にんにくパウダーを振りまいて追い払うけど、すぐに切らしてしまう。

 

 囮と言ったが、これはちょっと困った状況じゃないだろうか。


 紅花は、すれすれで何度も避ける。伸びた手に掴まれたが、思い切り振りほどくと、掴んだ本人が吹き飛んだ。


 やりすぎた。


 そう思うが加減できようもない。そんな真似したら、こっちが捕まってしまう。三人ほど振りほどき、そのうち二人を投げ飛ばしたが、まだフロアには十人以上いる。いつのまに、バール状のものを持っている人もいた。


 これは当たったら痛い。


「……こいつ、もしかして人外なのか?」


 ぼそっと漏れた声が聞こえた。


 うん、そうだよ。


 だったら、諦めようぜ、と思ったが、続いた言葉は、


「どんな味がするんだ?」


 だった。


 思考まで吸血鬼になってしまっている。いや、古い吸血鬼と言っておかないと、善良な穏健派吸血鬼に失礼だろうか。


 投げ飛ばした二人も両手をだらんとさせて、幽鬼のように近づいてくる。


 これはやばい。


 にんにくにやられた最初の二人も立ち上がっている。

 その目はどろりと濁り、焦点が合っていない。


 一人、ふらふらと出て行くゆるふわの目にそっくりだった。

 催眠状態というやつだろうか。


 冷や汗をかきながら、紅花はいつのまにか壁へと追いやられていた。

なんとか、一点突破しようと考えるが、二人、三人ならともかく十人をこえるとさすがに取り押さえられるだろう。

 

 そうなれば、躊躇なく噛みつかれ、血を吸われる。


 いや、そんなことにはならない。ならないはずだ。


 まだ、紅花には見えていない。

 不気味で気持ち悪いアレがでてきていない。

 

 アレがでてくると、紅花の身になにか起こる。怪我をしたり、襲われたりするなにかが起こる。

 今も、襲われているが、同時に妙に落ち着いていた。


 アレが出てこない限り、なにか逃げ出す方法があるという、根拠のない自信が生まれていた。


 なにか、なにかがある。


 ふと、天井がみえる。丸いスプリンクラーだ。そういえば、ここも禁煙だ、煙草の臭いがしない。

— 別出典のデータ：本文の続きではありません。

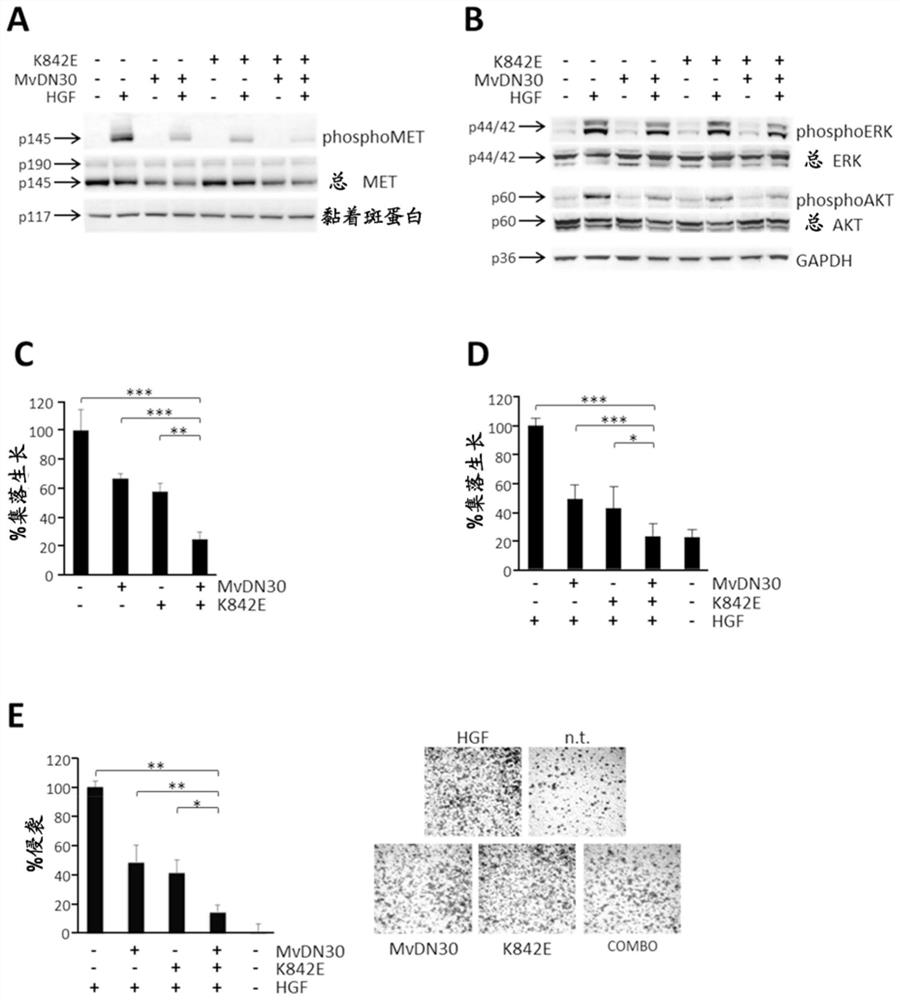 Combination of Anti-hgfr antibody and hegfr for the treatment of a tumor and/or metastasis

 腰にぶら下がったポーチを見る。颯太郎少年からもらったライターと殺虫剤がまだ中にある。


 いちかばちか。


 紅花は腰のポーチから、ライターと殺虫剤を取り出す。そして、ライターに火をつけ、それに殺虫剤を噴射した。


 ボワッと言う音とともに、噴射した炎に一番驚いたのは紅花だった。そのまま、天井まで炎が届く。


 吸血鬼もどきたちは、一歩ひるむ。

 吸血鬼は火に弱い、それはこのもどきたちにも適用されるらしい。いや、こんな火炎放射器みたいな炎をつきつけられたら誰だってひるむだろう。


 でも、狙いはそれではない。


 炎に、スプリンクラーが反応した。


 水が天井から流れる。

 炎を消すために流れるそれは、殺傷力があるとはいえない。でも、彼らには効いていた。

 

 吸血鬼は流れる水を苦手とする。


 迷信めいたものだが、それも本当だったようだ。


 狂犬病の予防接種みたい。


 それを思い出した。狂犬病は水を怖がるというが、吸血病にも似たような反応があるようだ。

 にんにくほどじゃないが、動きが鈍くなった奴らをかいくぐる。びしょ濡れのまま、苦しむ吸血鬼もどきたちを避けて、パテーションの裏の階段を上った。